Shiv Visvanathan, a professor at Jindal School of Government and Public Policy, said that the Patidar-quota movement should not be viewed in terms of events, but a movement in which the dominant castes were consolidating to make reservation work for them. “Hardik Patel is only a symptom of that movement. This will be a political battle, a court battle, it will take time,” he said.
On the issue of factionalism within the castes, Visvanathan said, “There will always be tensions within castes, but this is an instrumental use of caste for the one goal of reservation.”
Meanwhile, the Patidar community is planning to field candidates in the civic polls and considering the withdrawal of Rs50,000 from bank accounts held by members of the community in Gujarat, The Economic Times reported on Tuesday.
“There are about 1.40 crore Patidars in the state with approximately 70 lakh bank account. So you can imagine the impact of simultaneous withdrawal of Rs50,000 or more. We would hit them both at financial and political front. We are also discussing the possibility of fielding independent Patidar candidates in the next civic elections. If we are pushed the way we are being pushed, such steps are within the realm of possibility,” said Varun Patel, spokesperson of the Sardar Patel Group, an organization which is also fighting for reservations of the Patel community.
Patel was part of SPG until he fell out with its chief Lalji Patel, and then formed his own group, 'Patidar Anamat Andolan Samiti.’
Responding to SPG’s plan, Hardik said he would stay away from politics, and that he did not back the idea of a run on the banks.
Political analyst Dipankar Gupta pointed out that the Patel-quota movement isn't likely to succeed because the Mandal reservation scheme is geared in favor of those living in rural areas, but 50 percent of the Patel community live in urban locales. He also noted that this movement is born out a traditional rivalry between the Leuvas and Kadva Patels, and the former group's opposition to Prime Minister Narendra Modi.
"They want to create as much as havoc as they can in Modi's backyard," he said.
An opinion piece in The New York Times on Tuesday dubbed the agitation over the Patel quota as a ‘middle class revolt” which essentially reflected a crisis of unemployment.
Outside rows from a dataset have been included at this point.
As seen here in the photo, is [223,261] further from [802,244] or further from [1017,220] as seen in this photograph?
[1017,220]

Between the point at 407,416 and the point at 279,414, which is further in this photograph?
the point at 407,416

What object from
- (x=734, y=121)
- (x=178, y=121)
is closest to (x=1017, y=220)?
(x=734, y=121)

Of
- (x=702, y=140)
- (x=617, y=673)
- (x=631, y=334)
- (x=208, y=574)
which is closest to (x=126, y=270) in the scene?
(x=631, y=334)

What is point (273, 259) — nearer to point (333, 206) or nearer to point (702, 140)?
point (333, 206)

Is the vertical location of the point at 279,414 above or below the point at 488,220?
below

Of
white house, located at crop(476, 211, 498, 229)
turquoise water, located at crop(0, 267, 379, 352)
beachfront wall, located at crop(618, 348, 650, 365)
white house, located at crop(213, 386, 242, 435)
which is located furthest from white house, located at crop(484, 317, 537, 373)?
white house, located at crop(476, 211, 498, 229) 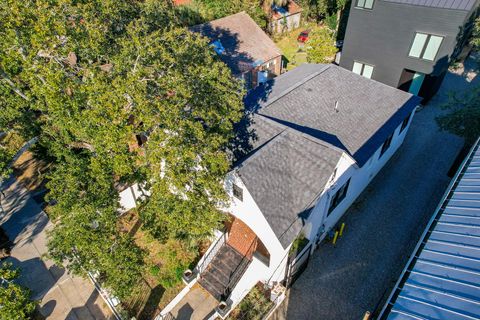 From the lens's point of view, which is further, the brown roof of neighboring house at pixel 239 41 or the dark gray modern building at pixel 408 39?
the brown roof of neighboring house at pixel 239 41

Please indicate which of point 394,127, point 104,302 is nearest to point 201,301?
point 104,302

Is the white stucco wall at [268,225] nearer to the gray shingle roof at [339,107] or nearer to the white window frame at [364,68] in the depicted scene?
the gray shingle roof at [339,107]

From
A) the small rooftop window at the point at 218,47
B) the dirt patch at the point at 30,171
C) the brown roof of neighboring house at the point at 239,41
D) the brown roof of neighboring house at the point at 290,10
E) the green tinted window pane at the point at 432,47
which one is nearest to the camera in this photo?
the dirt patch at the point at 30,171

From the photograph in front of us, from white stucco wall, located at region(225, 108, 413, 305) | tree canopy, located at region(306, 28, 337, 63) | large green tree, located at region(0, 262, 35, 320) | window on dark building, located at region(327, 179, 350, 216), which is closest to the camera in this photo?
large green tree, located at region(0, 262, 35, 320)

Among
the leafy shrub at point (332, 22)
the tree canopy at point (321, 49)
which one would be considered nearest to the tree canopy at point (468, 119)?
the tree canopy at point (321, 49)

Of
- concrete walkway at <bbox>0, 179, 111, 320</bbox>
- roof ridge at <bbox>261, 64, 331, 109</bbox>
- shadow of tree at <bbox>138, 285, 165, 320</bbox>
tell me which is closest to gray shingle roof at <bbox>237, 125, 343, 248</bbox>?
roof ridge at <bbox>261, 64, 331, 109</bbox>

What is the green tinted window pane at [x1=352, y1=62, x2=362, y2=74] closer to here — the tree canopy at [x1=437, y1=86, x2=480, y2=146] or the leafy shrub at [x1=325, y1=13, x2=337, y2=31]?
the tree canopy at [x1=437, y1=86, x2=480, y2=146]

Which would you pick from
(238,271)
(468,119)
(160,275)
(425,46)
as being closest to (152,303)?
(160,275) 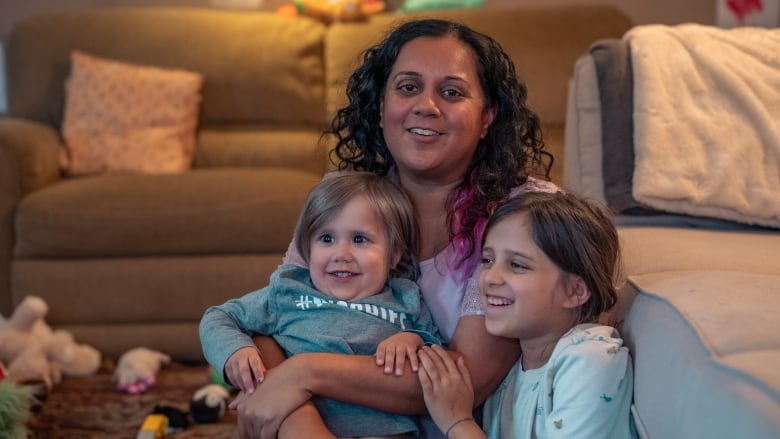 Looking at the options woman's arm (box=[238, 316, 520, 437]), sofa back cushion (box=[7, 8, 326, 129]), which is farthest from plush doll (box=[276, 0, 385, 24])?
woman's arm (box=[238, 316, 520, 437])

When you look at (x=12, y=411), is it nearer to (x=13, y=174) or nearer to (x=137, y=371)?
(x=137, y=371)

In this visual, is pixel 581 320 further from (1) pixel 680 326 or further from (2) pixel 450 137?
(2) pixel 450 137

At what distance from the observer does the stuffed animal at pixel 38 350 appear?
8.34 feet

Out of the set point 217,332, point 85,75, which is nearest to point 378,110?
point 217,332

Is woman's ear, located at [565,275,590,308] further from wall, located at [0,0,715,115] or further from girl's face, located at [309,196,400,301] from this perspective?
wall, located at [0,0,715,115]

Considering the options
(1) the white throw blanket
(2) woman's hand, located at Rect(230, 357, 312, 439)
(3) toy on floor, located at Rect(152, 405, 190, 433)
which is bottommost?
(3) toy on floor, located at Rect(152, 405, 190, 433)

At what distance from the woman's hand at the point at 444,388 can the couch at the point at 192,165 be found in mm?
1189

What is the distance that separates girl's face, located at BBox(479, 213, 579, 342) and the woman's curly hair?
136 mm

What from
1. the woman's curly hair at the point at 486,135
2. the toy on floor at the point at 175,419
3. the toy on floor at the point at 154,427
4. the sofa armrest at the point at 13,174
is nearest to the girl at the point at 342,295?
the woman's curly hair at the point at 486,135

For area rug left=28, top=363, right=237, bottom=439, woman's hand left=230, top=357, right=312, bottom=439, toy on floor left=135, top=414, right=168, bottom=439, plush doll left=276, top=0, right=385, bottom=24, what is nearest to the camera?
woman's hand left=230, top=357, right=312, bottom=439

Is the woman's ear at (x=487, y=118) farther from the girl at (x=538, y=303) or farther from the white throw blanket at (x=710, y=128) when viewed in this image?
the white throw blanket at (x=710, y=128)

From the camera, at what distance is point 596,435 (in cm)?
124

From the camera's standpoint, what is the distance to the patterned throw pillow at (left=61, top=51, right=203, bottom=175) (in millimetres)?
3293

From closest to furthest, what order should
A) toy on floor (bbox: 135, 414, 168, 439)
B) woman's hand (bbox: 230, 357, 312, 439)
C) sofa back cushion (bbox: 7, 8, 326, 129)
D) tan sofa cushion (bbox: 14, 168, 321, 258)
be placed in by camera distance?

When HuffPost asked Patel whether the underlying reason for his agitation is the impact of reservation on employment and education, he said that it was a question of “injustice” which had permeated every institution and the way of life in India. “Look at the thousands of farmers who are committing suicide,” he said. "We will continue this movement until we are able to create a just society.”
Political analysts however say that Patel's agitation isn't any redefinition of Indian politics but opportunism repackaged, and comparisons to Arvind Kejriwal, who is responsible for one of the biggest upheavals in India's political history, as misguided.
"Kejriwal was about redefining politics, but this is about cutting the cake with the same electoral politics,” said Visvanathan.